- **Aim of the exercise**
Return exactly the span of lines in the following data that opens with the line containing "Edikted Phoeby Tan" and closes with the line containing "Минивэн Mazda 5 2005 в". Include nothing else.

- **Data for review**
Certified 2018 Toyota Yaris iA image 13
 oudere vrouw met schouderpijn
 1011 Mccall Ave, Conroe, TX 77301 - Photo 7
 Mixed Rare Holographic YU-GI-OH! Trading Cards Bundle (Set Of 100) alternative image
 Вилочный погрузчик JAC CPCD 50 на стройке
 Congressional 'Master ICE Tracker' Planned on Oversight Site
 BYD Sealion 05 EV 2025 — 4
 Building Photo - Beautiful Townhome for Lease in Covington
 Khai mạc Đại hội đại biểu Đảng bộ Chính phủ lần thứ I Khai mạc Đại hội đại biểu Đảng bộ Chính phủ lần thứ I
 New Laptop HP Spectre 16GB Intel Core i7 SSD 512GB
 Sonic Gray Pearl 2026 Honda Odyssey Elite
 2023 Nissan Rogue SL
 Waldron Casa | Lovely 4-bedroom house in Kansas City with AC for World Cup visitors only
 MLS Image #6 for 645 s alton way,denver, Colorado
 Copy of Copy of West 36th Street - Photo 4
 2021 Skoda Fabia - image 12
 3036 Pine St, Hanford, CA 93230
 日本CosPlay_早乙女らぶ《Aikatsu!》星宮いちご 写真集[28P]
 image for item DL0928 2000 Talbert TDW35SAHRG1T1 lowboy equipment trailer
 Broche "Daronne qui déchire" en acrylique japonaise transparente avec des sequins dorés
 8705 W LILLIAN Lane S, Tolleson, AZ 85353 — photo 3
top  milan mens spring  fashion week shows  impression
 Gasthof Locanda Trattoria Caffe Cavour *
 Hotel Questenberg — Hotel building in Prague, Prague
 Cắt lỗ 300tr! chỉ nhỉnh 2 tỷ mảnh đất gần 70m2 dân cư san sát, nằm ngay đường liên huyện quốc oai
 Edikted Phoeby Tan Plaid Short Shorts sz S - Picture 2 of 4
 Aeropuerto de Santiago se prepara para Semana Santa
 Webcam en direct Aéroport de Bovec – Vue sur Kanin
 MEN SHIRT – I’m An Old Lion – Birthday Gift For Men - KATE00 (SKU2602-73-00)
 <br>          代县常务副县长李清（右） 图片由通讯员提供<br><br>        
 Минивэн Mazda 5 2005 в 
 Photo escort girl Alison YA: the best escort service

- **Result below**
 Edikted Phoeby Tan Plaid Short Shorts sz S - Picture 2 of 4
 Aeropuerto de Santiago se prepara para Semana Santa
 Webcam en direct Aéroport de Bovec – Vue sur Kanin
 MEN SHIRT – I’m An Old Lion – Birthday Gift For Men - KATE00 (SKU2602-73-00)
 <br>          代县常务副县长李清（右） 图片由通讯员提供<br><br>        
 Минивэн Mazda 5 2005 в 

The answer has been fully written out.